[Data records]
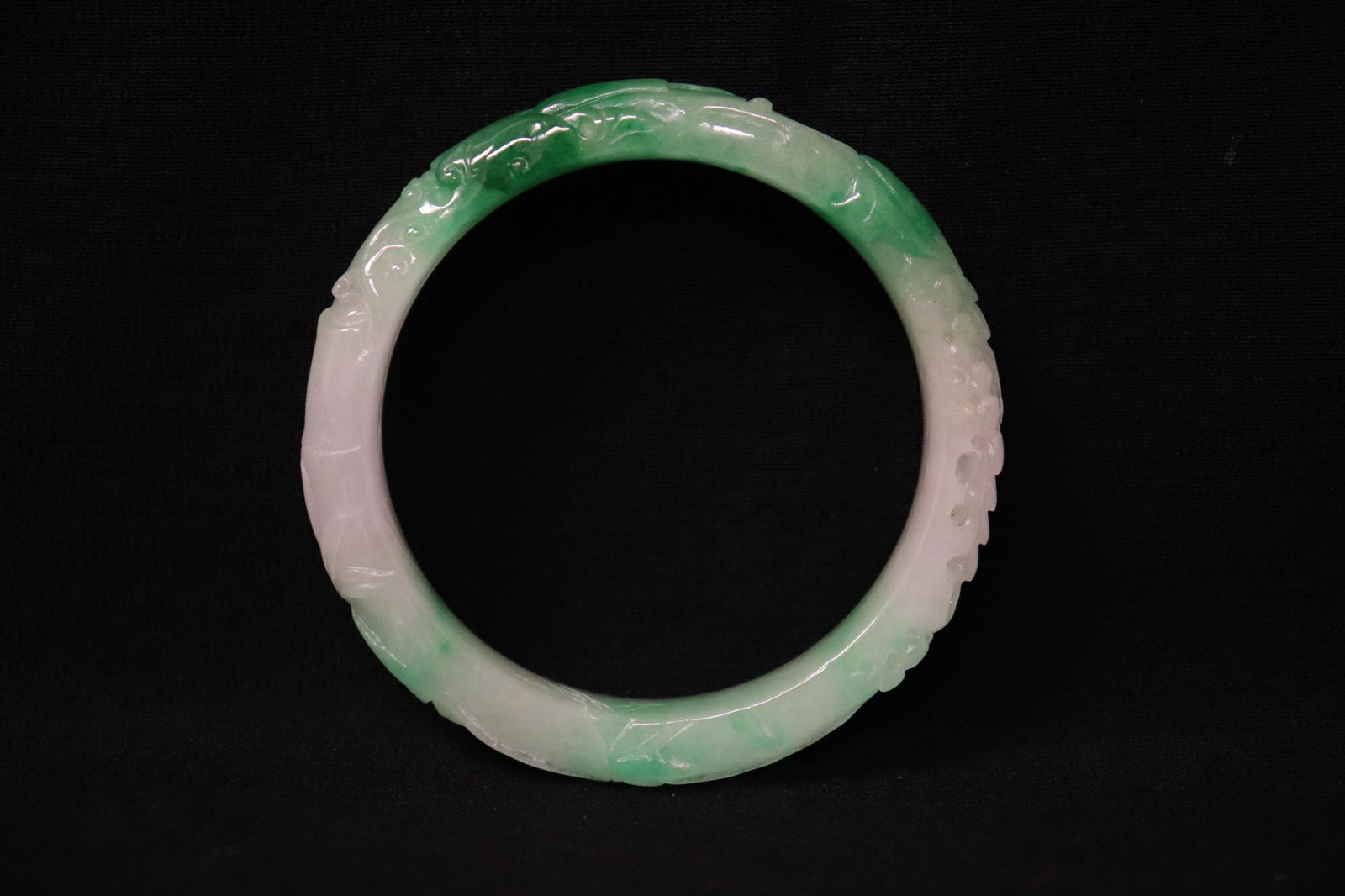 Chinese jadeite like bangle (1 of 9)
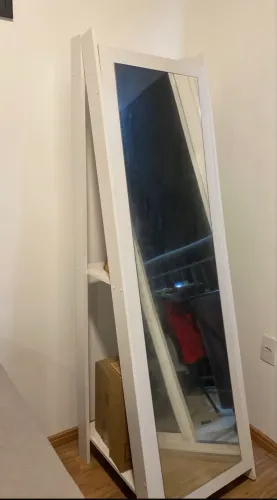 Espelho grande com estante 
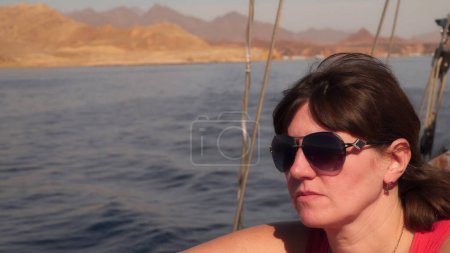 Porträt einer jungen Frau. Eine Frau segelt auf einer Jacht vor dem Hintergrund des Sinai-Gebirges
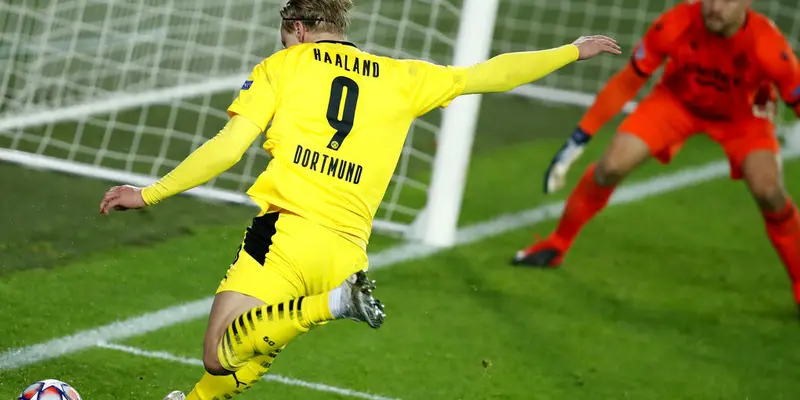 FOTO: Erling Haaland Dua Gol, Borussia Dortmund Libas Brugge 3-0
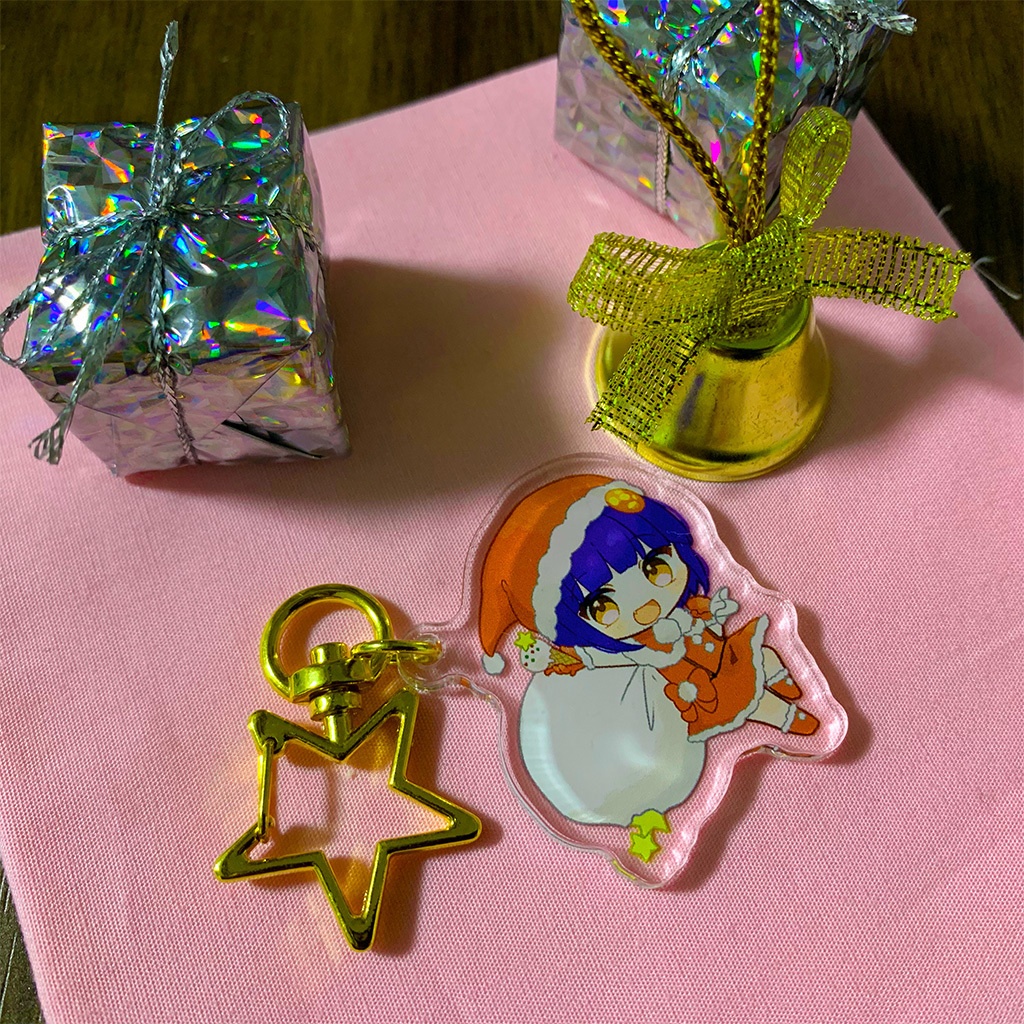 クリスマスはまだだけど、サンタ風味のわたりたまアクリルキーホルダー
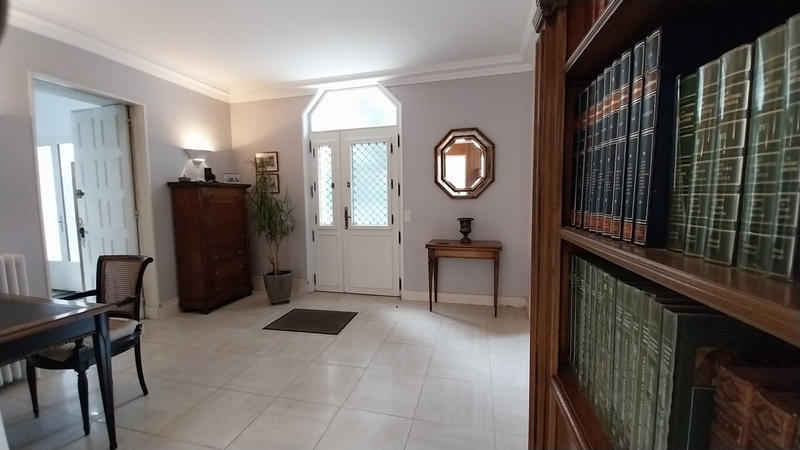 Maison - 230 m² - 7 pièces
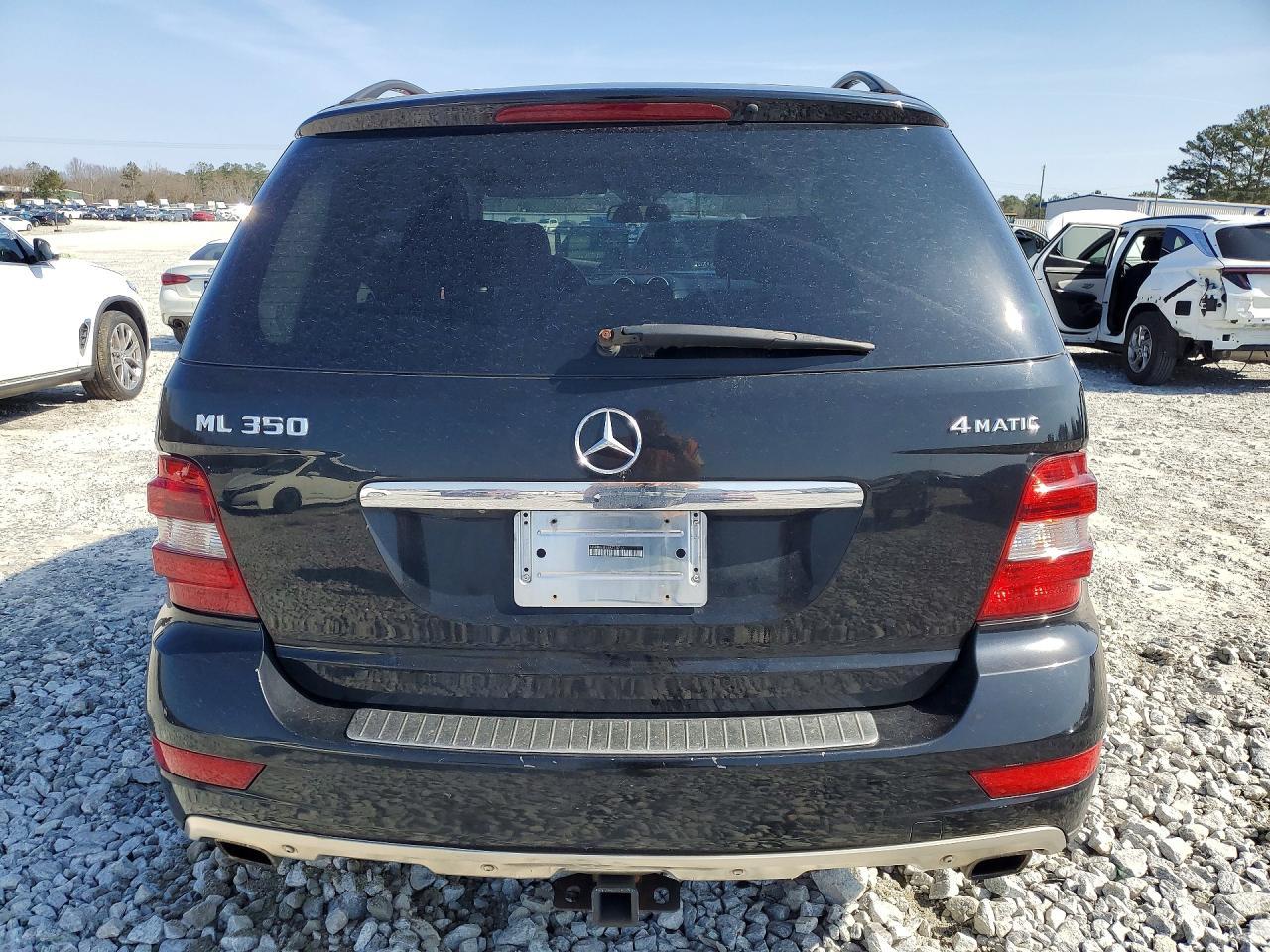 2011 MERCEDES-BENZ ML-Class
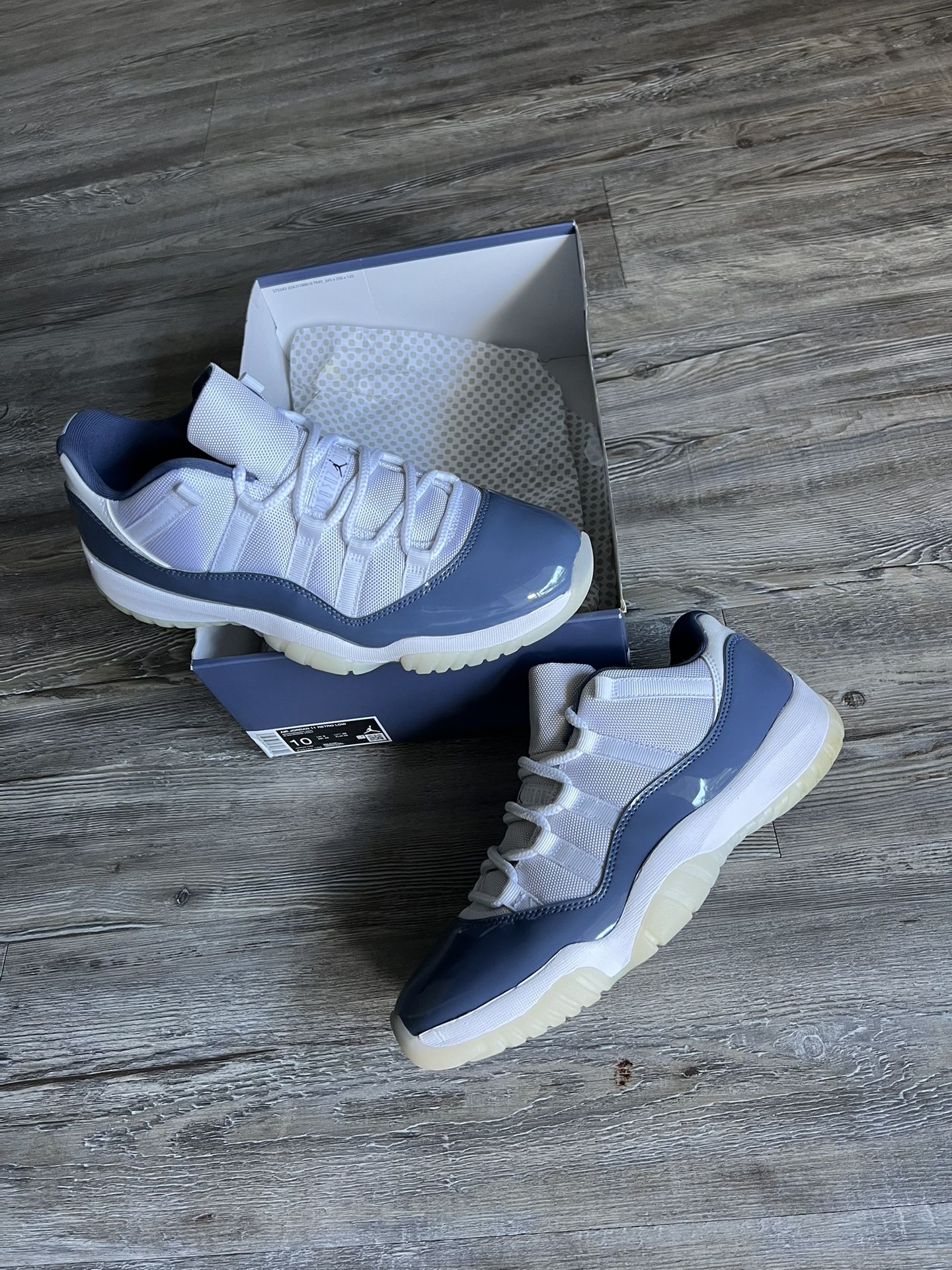 Jordan 11 Low Diffused Blüe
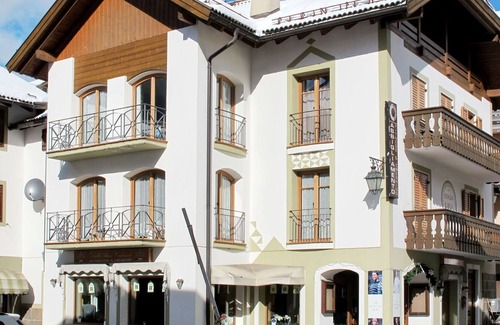 Moena Apartment | Cosy apartment for 8 guests with TV, balcony and parking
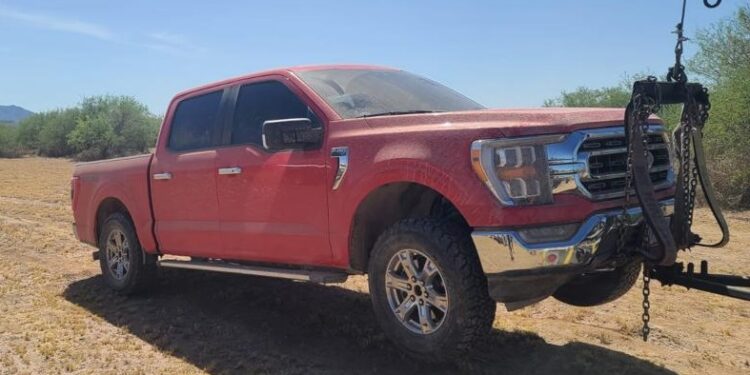 Localiza Policía Estatal y Sedena dos vehículos en Plutarco Elías Calles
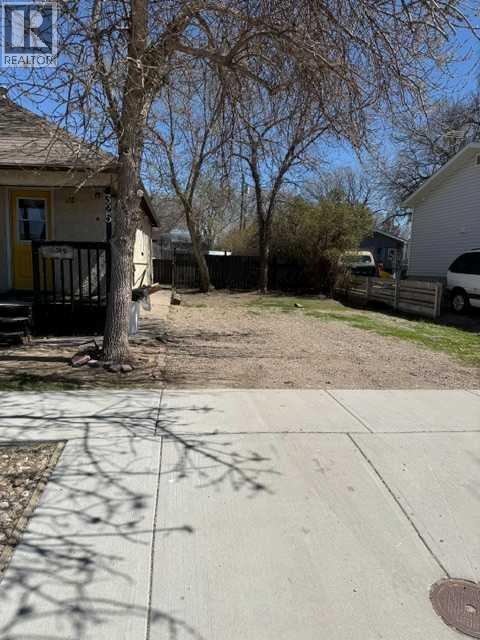 325 4 Street Se, Redcliff, Alberta  T0J 2P0 - Photo 2 - A2308765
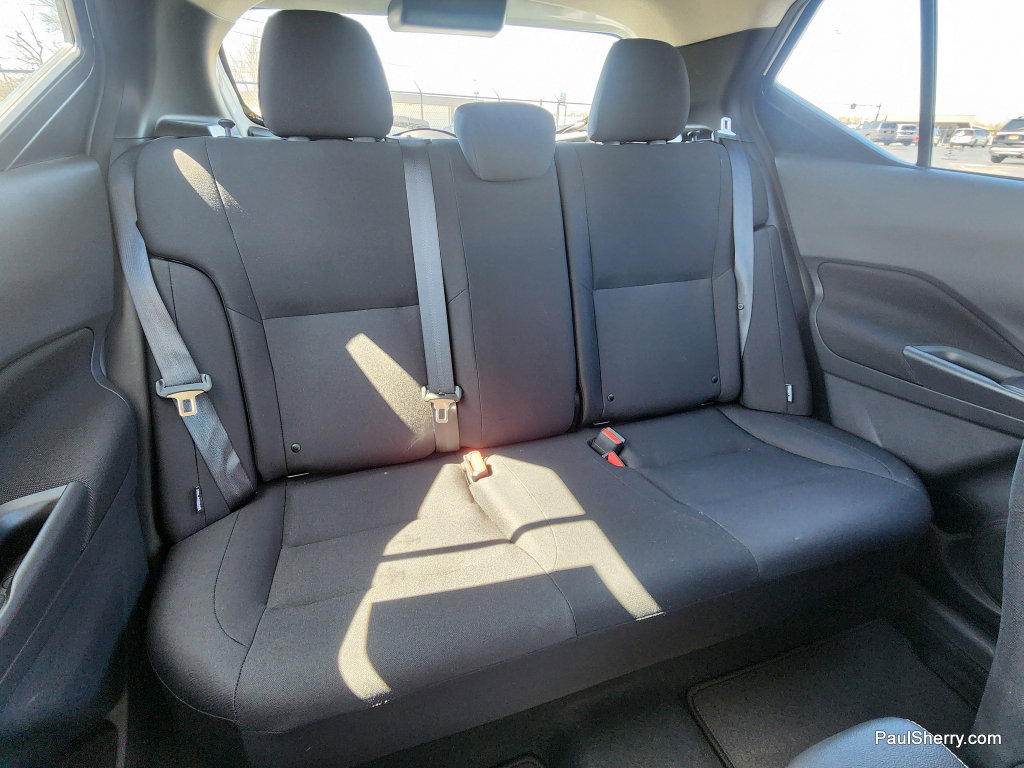 Used 2023 Nissan Kicks S image 41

Task instructions:
An exact transcription is needed, covering the line with "Maison - 230 m² - 7 pièces" and every line after it to the end of the entries, but not the pictures.

Answer box:
 Maison - 230 m² - 7 pièces
 2011 MERCEDES-BENZ ML-Class
 Jordan 11 Low Diffused Blüe
 Moena Apartment | Cosy apartment for 8 guests with TV, balcony and parking
 Localiza Policía Estatal y Sedena dos vehículos en Plutarco Elías Calles
 325 4 Street Se, Redcliff, Alberta  T0J 2P0 - Photo 2 - A2308765
 Used 2023 Nissan Kicks S image 41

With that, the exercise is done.